• [Records for this exercise]
++++

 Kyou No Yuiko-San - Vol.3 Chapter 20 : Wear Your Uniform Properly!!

++++

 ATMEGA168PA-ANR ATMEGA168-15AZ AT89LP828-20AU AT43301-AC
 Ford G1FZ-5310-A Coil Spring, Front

++++

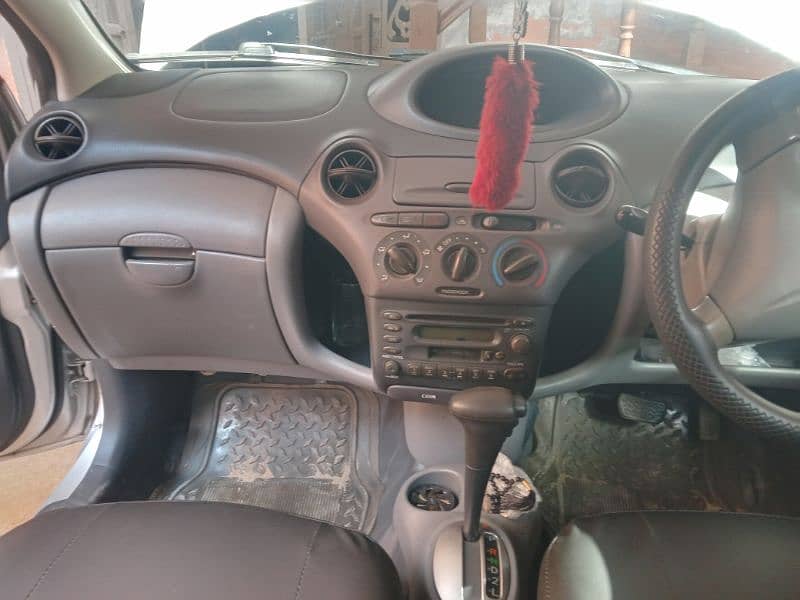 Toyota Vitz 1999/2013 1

++++

• [Work to be completed] Can you repeat, word for word, every line above from the one containing "ATMEGA168PA-ANR ATMEGA168-15AZ AT89LP828-20AU" down to the one containing "Ford G1FZ-5310-A Coil Spring, Front", including both?

• [Your solution]
 ATMEGA168PA-ANR ATMEGA168-15AZ AT89LP828-20AU AT43301-AC
 Ford G1FZ-5310-A Coil Spring, Front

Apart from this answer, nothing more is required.